La promotion en entreprise : quels sont ses conséquences et ses avantages ?

La qualification d’un salarié est définie lors de la conclusion de son contrat de travail. Celle-ci est cependant susceptible d’évoluer : l’employeur peut notamment proposer à son salarié de nouvelles responsabilités par le biais d’une promotion. Avant d’accepter ce changement, il convient d’apprécier les avantages et conséquences de la promotion proposée.

 

Qu’est ce qu’une promotion ?

 

Une promotion correspond à un avancement dans l’entreprise, il s’agit d’une modification de la qualification initialement convenue pour une qualification supérieure dans la classification des emplois.

La promotion implique la plupart du temps un changement de travail effectif, de nouvelles responsabilités et une hausse de la rémunération. Elle peut généralement intervenir au bout d’un certain temps passé dans l’entreprise, ou en fonction des résultats obtenus par le salarié.

 

Doit-on nécessairement accepter une promotion ?

 

La promotion constitue une modification du contrat de travail puisqu’elle touche à des éléments essentiels du contrat ; à ce titre, elle suppose la conclusion d’un avenant au contrat de travail et doit être acceptée par le salarié, elle ne peut donc lui être imposée. L’employeur doit laisser au salarié un délai de réflexion suffisant pour prendre sa décision.
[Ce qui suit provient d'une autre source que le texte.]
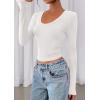 imagePRETTYGARDEN Womens Long Sleeve T Shirts 2026 Fall Trendy Deep V Neck Slim Fit Basic Crop Tops Casual Going Out TopWhite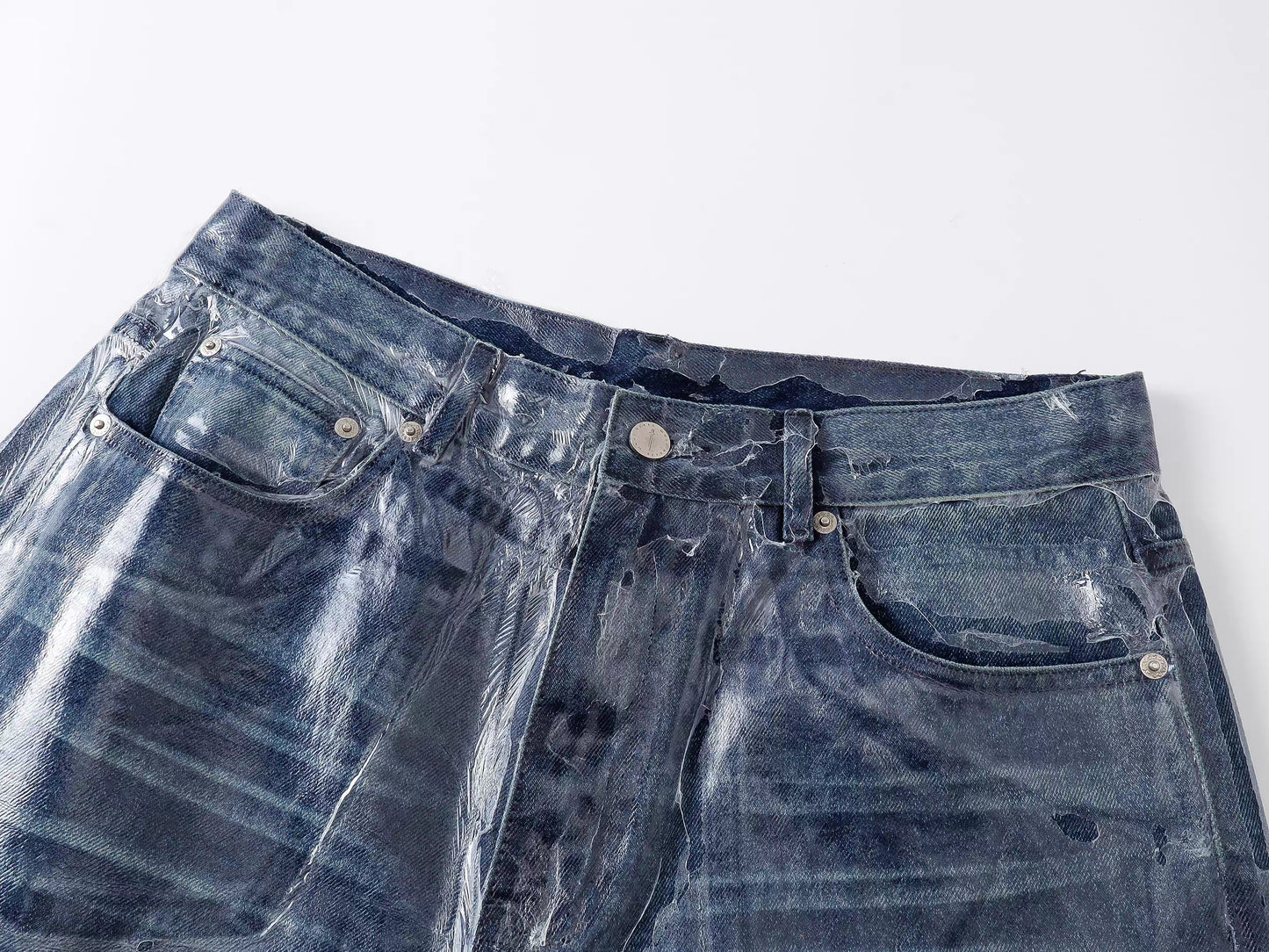 Glossy Washed Straight-Leg Jeans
Il s’agit là d’une protection offerte au salarié. En effet, si la promotion est la plupart du temps avantageuse pour le salarié, elle peut parfois être utilisée par l’employeur pour évincer un employé, par exemple en le plaçant à un poste en inadéquation avec ses compétences afin de pouvoir ensuite le licencier pour insuffisance professionnelle.

Dans ce cas, elle peut donc toujours être refusée par le salarié, sans qu’il n’ait à motiver sa décision et sans que l’employeur ne puisse le lui reprocher ni le licencier pour ce seul motif.
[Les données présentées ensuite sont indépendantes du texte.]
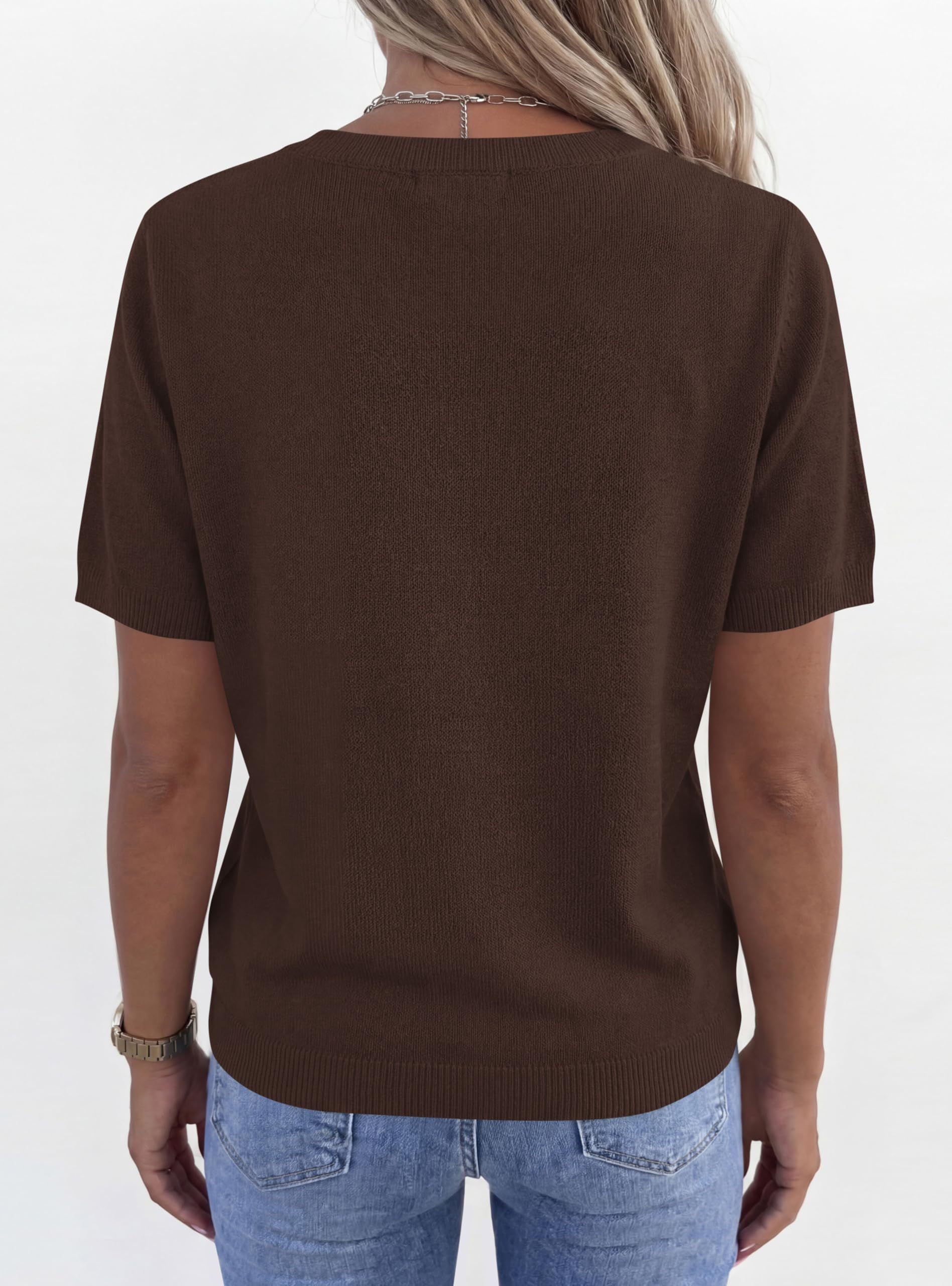 Womens Short Sleeve Sweater V Neck Tops,Brown,S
Il convient donc, en présence d’une proposition de promotion, de prendre un délai de réflexion pour appréhender les missions proposées, leur adéquation avec ses compétences et ses ambition professionnelles, les perspectives d’évolution du poste, et l’impact de ce changement sur ses conditions de travail, car en cas d’acceptation de l’avenant, celui-ci s’imposera au salarié comme à l’employeur.

 

Quelles conditions doivent-être remplies ?

 

La promotion doit résulter d’une volonté non équivoque de l’employeur, et ne peut donc pas en principe être tacite.

Toutefois, certaines conventions collectives prévoient une promotion «  automatique  » du salarié à un poste immédiatement supérieur auquel ils ont été affecté pendant un certain temps, sauf si la nomination à ce poste suppose l’obtention d’un titre particulier, tel qu’un concours ou examen.

 

Qu’est ce que la période probatoire ?

 

L’employeur peut prévoir une période probatoire pour apprécier les qualités du salarié dans ce nouveau poste. Si la période probatoire est concluante, le salarié conservera ses nouvelles fonctions et se verra proposer la signature d’un avenant à son contrat de travail.

En revanche, si l’employeur considère que le salarié n’a pas les compétences requises pour le poste, il devra dans ce cas le réaffecter à son ancien poste aux conditions prévues par son contrat de travail initial.

Toutefois, la jurisprudence impose que l’accord du salarié soit expressément obtenu par l’employeur pour mettre en place une période probatoire.

Ainsi, si l’accord du salarié n’a pas été donné, sa réaffectation à son ancien poste peut lui permettre de prendre acte de la rupture du contrat aux torts de l’employeur, avec la conséquence que celui-ci devra lui verser des dommages et intérêts comme en présence d’un licenciement sans cause réelle et sérieuse. Il sera dans ce cas préférable de consulter un avocat avant d’engager une procédure pour obtenir ces indemnités.